Dengan pemanfaatan optimal terhadap rumput laut, Luhut mengatakan bukan hanya nilai ekonomi yang dapat meningkat, tetapi juga dapat mengurangi ketergantungan pada sektor pertambangan.

“Dan itu bisa karena pengalaman kita dalam menangani nikel dalam 7 tahun kita dalam posisi ekspor cuma 1,5 miliar dolar AS, sekarang kita sudah ekspor sampai pada 34 miliar dolas AS,” ucap Luhut.

Baca juga: Kemenko Marinves lanjutkan hilirisasi tambang dan nontambang 2024
Baca juga: Menkop UKM sebut rumput laut Wakatobi potensial penggerak hilirisasi


Di tempat yang sama, Plt Deputi Bidang Koordinasi Sumber Daya Maritim Kemenko Marves Firman Hidayat mengatakan selama ini Indonesia melakukan ekspor rumput laut dalam bentuk mentah dan diproduksi hanya bentuk kerajinan atau agar-agar, padahal jika melalui hilirisasi, komoditas tersebut dapat memiliki daya jual yang mahal.

“Kalau dari studi World Bank potensi hilirisasi dari rumput laut sangat macam-macam. Ada biostimulant/pupuk organik, kesehatan, dan bioplastik. Yang saya highlight di sini utamanya yang biostimulant/pupuk organik projeksi sampai 2030 potensi market lebih dari 10 miliar dolar AS dan bioplastik potensi market lebih dari 40 miliar dolar AS,” katanya.

Menurutnya hilirisasi rumput laut merupakan potensi yang sangat besar apalagi Indonesia merupakan negara dengan produksi terbesar kedua di dunia.
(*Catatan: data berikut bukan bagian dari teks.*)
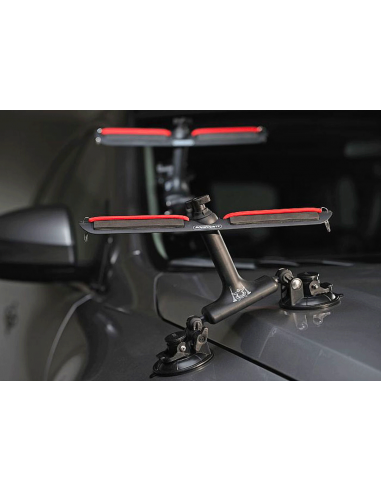 SUMO Suction Mount Rod Carrier by Rodmounts
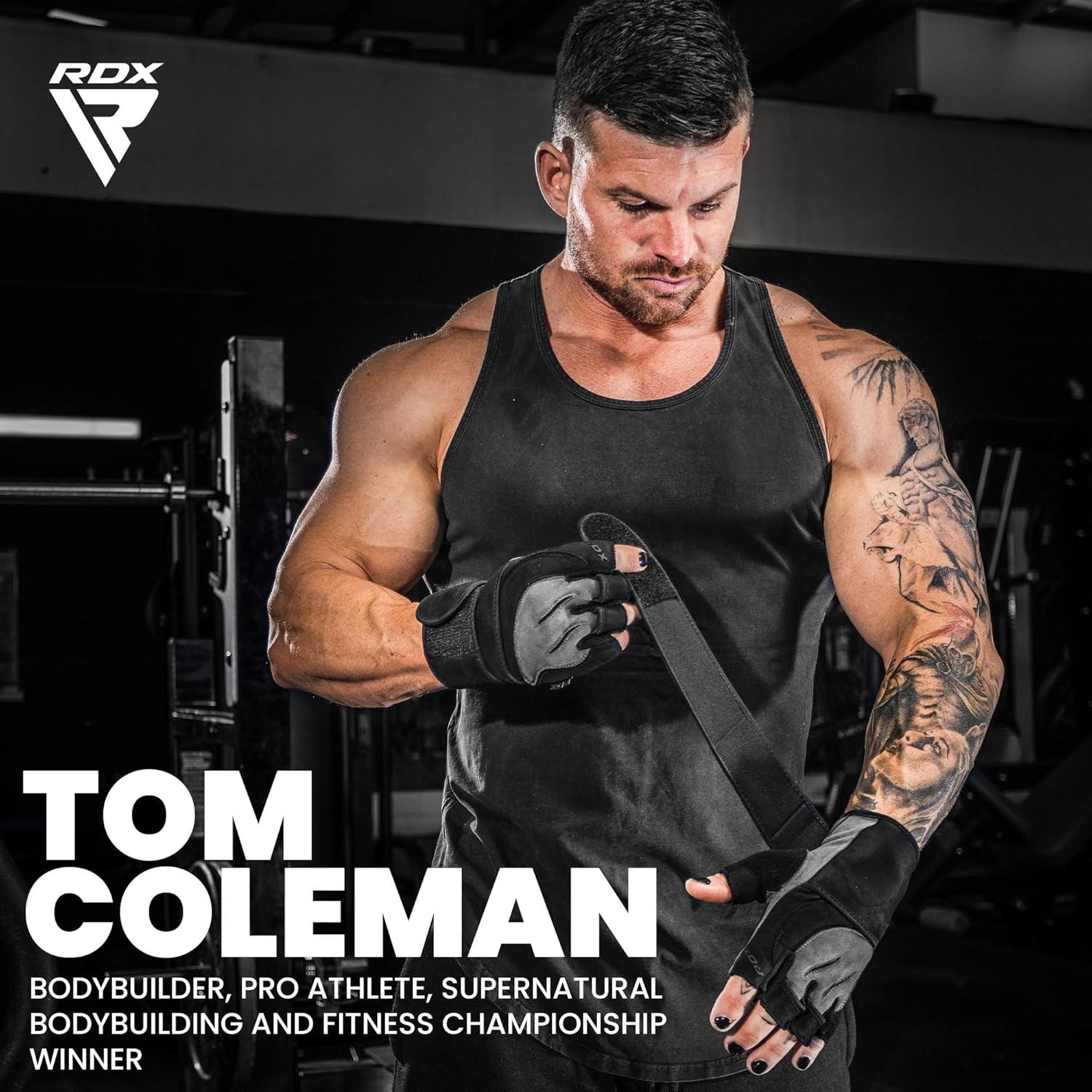 RDX L4 Gym Gloves - Thumbnail 5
Dia menerangkan manfaat hilirisasi selain meningkatkan ekonomi dan kesejahteraan masyarakat, yakni untuk membantu mengatasi masalah sampah plastik dan ketahanan pangan Indonesia. Namun, kata dia, penting dilakukan peningkatan produktivitas dengan teknologi dan mekanisasi.

“Rumput laut sebetulnya bisa dibuat menjadi mie menggantikan gandum, jadi bioplastik juga bisa dari rumput laut,” kata Firman.

Firman menuturkan pihaknya melakukan budidaya rumput laut seluas 100 hektare sebagai proyek percontohan di Teluk Ekas Lombok Timur, Nusa Tenggara Barat. Seluruh budi daya akan menerapkan teknologi dan mekanisasi menggunakan pesawat tanpa awak (drown).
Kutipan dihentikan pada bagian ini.